Predictive Analytics und Enterprise Search: Automatische Post­ein­gangs­klassifizierung

Gerald Martinetz, MindbreezeMindbreeze
Gerald Martinetz, MindbreezeMindbreeze

Laut der IDC-Studie „Print und Document Ma­na­ge­ment in Deutschland 2016“ planen rund 56 Prozent aller befragten Unter­nehmen in Deutschland, do­ku­men­ten­in­ten­sive Geschäftsprozesse innerhalb der nächsten 24 Monate zu digitalisieren und so ihre Abläufe zu optimieren. Diese Herausforderung geht auch mit einer kritischen Betrachtung der oft über Jahre hinweg gelebten Geschäftsprozesse einher. Dabei fällt auf, dass sich Arbeitsabläufe in vielen wichtigen Bereichen wie etwa dem physischen Posteingang in den letzten Jahren wenig bis gar nicht verändert haben. Doch auch hier gibt es heute bereits Möglichkeiten, beispielsweise mit modernen intelligenten Klassifizierungsprodukten, die Abläufe zu verschlanken, zu optimieren und effizienter zu gestalten.

von Gerald Martinetz, Mindbreeze

Wie kann eine auf Enterprise Search basierende Klassifizierungslösung den Posteingang unterstützen? Moderne Enterprise Search Lösungen bieten heute weit mehr als das klassische Suchfeld samt Trefferliste. Ausgestattet mit maschinellem Lernen und künstlicher Intelligenz zeigen diese Systeme neue Einsatzmöglichkeiten auf: Mittels semantischer Analyse von Dokumenteninhalten und Abgleich automatisch erkannter Merkmale lassen sich beispielsweise Dokumente klassifizieren – also einem Thema semantisch zuordnen. Dabei lernen die Lösungen einerseits aus vorangegangenen Klassifizierungsvorgängen, etwa von bereits zugeordneten Dokumenten, und ordnen neue Dokumente basierend auf den vorhandenen Merkmalen zu. Andererseits lernen sie auch kontinuierlich während der Zuordnung von neuen Dokumenten hinzu. Analog zum Menschen machen sich die Systeme folglich ihre Erfahrungswerte zu nutze. Genau diese Erfahrungen verwenden sie im Sinne von Predictive Analytics, um immer wieder neue Dokumente zuzuordnen und automatisch weiterzuleiten.

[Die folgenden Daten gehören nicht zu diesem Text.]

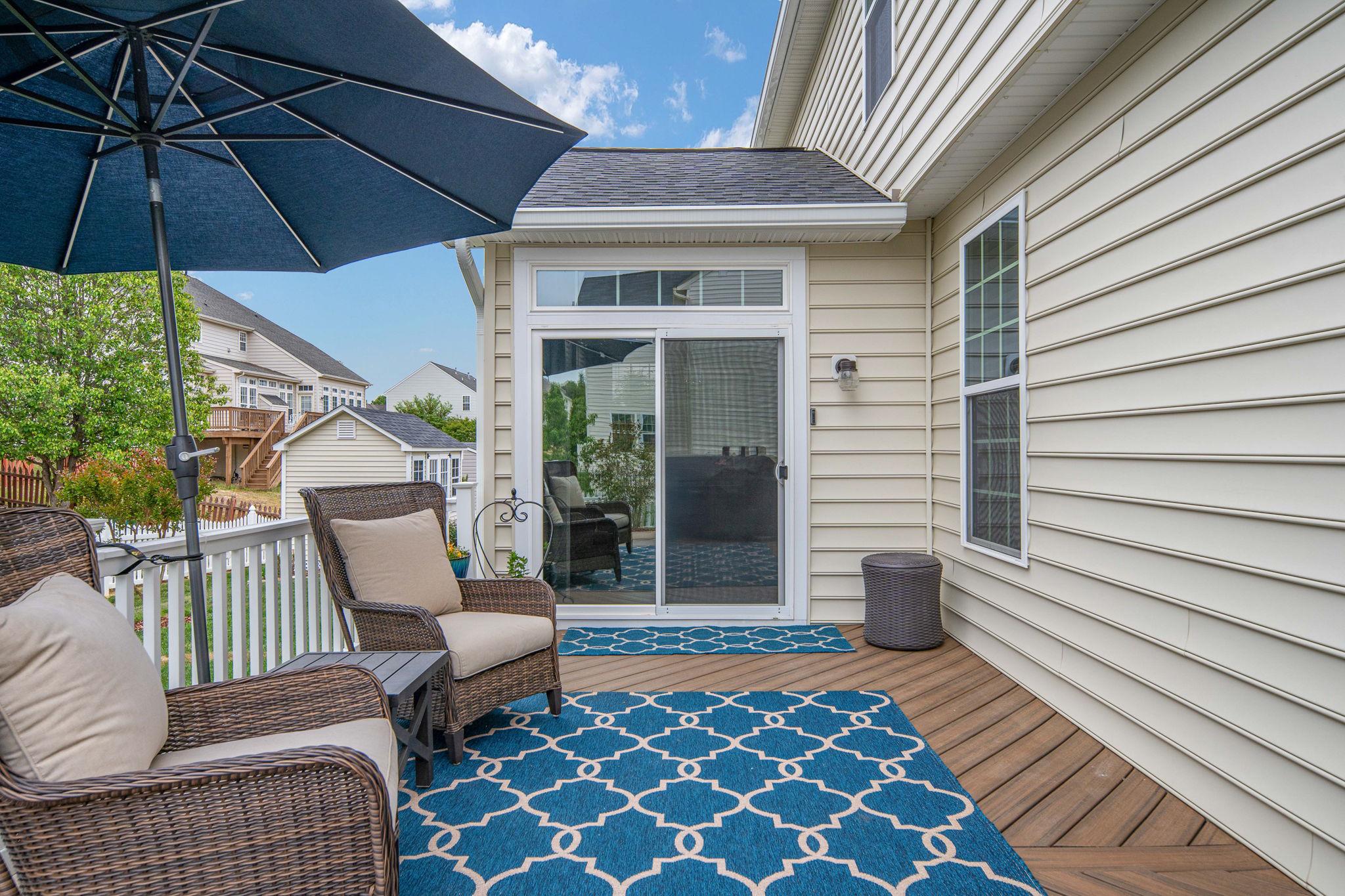 9417 Reservoir Road Fredericksburg, VA 22407 - Photo 65 of 76 a view of a patio with a table and chairs under an umbrella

Je länger die Lösungen im Einsatz sind, umso genauer erfolgt die Klassifizierung und umso mehr Erfahrung sammeln sie.“

Ein weiterer Vorteil ist, dass die Systeme aus falsch interpretierten Dokumenten, die manuell korrigiert wurden, lernen. Ist die Klassifizierung durchgeführt, werden die Dokumente direkt an die entsprechenden (Fach-) Abteilungen weitergeleitet. Für moderne Enterprise Search Lösungen macht es dabei keinen Unterschied, ob die Daten in strukturierter Form, etwa als ausgefülltes Online-Formular, oder in unstrukturierter Form, beispielsweise als Text wie bei einer E-Mail, in das Unternehmen eingehen. Egal ob eine E-Mail mit Anhängen, ein eingescannter Brief, Social-Media-Posts oder Online-Formulare, jedes Schriftstück wird analysiert, sortiert und klassifiziert.

Autor Gerald Martinetz
martinetz-gerald-mindbreeze-516Gerald Martinetz ist Mindbreeze Enthusiast für Datenextraktion und Klassifizierung mit langjähriger Erfahrung. Er betreut und berät Unternehmen im Bereich automatisierte Posteingangsklassifizierung von der Planung bis zur Produktivsetzung. Die Mindbreeze GmbH aus dem österreichischen Linz ist ein führender Anbieter von Appliances für Enterprise Search, Big Data und Wissensmanagement.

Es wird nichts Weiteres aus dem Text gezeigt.